### How to complete this task
Print every entry below again exactly as written, skipping the pictures.

Image-caption web data
Start of Block

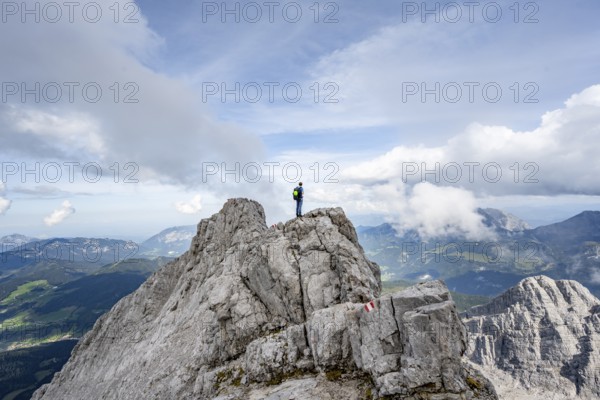 Mountaineer on a narrow rocky ridge, Watzmann crossing to Watzmann Mittelspitze, view of mountain
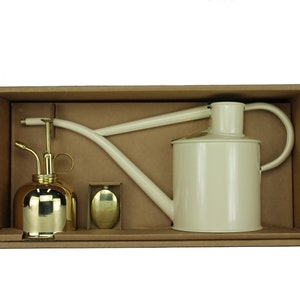 Könnte beinhalten: Ein Set aus zwei Gießkannen in einem Karton. Die größere Kanne ist weiß mit einem Messing-Ausguss und -Griff. Die kleinere Kanne ist golden mit einem Messing-Ausguss und -Griff.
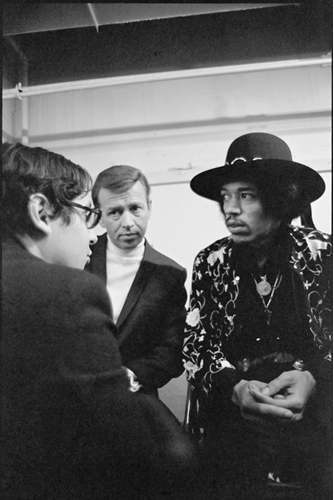 Jimi Hendrix with promoter Pat O’Day (center) backstage at the Seattle Center Arena, February 12, 1968. Photographer: Ulvis Alberts. MoPOP permanent collection.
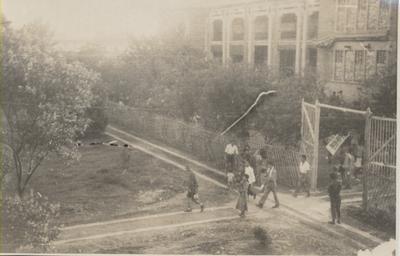 People exiting the grounds of a building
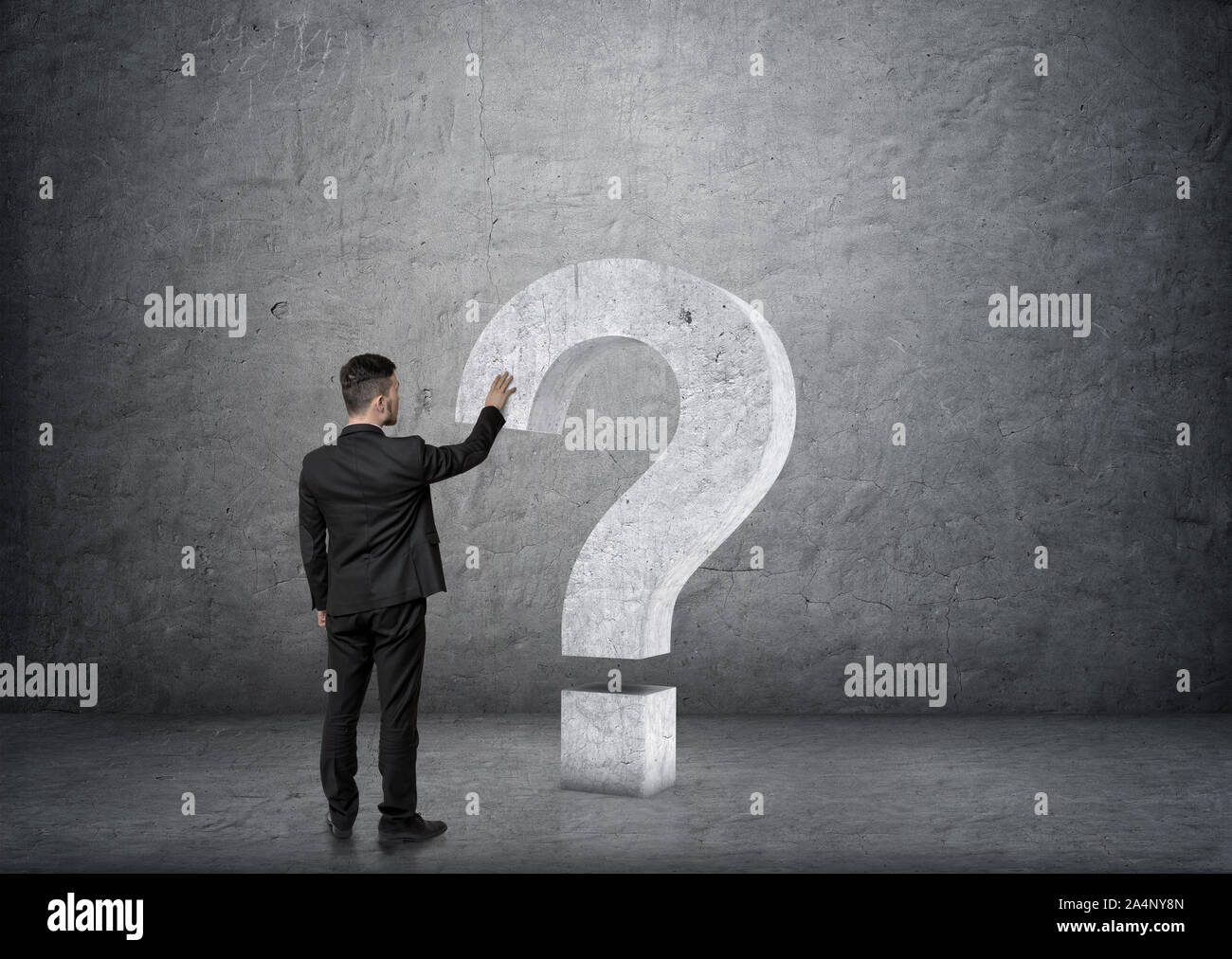 Back view of businessman touching big 3D concrete question mark Stock ...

End of Block

### Reply
 Mountaineer on a narrow rocky ridge, Watzmann crossing to Watzmann Mittelspitze, view of mountain
 Könnte beinhalten: Ein Set aus zwei Gießkannen in einem Karton. Die größere Kanne ist weiß mit einem Messing-Ausguss und -Griff. Die kleinere Kanne ist golden mit einem Messing-Ausguss und -Griff.
 Jimi Hendrix with promoter Pat O’Day (center) backstage at the Seattle Center Arena, February 12, 1968. Photographer: Ulvis Alberts. MoPOP permanent collection.
 People exiting the grounds of a building
 Back view of businessman touching big 3D concrete question mark Stock ...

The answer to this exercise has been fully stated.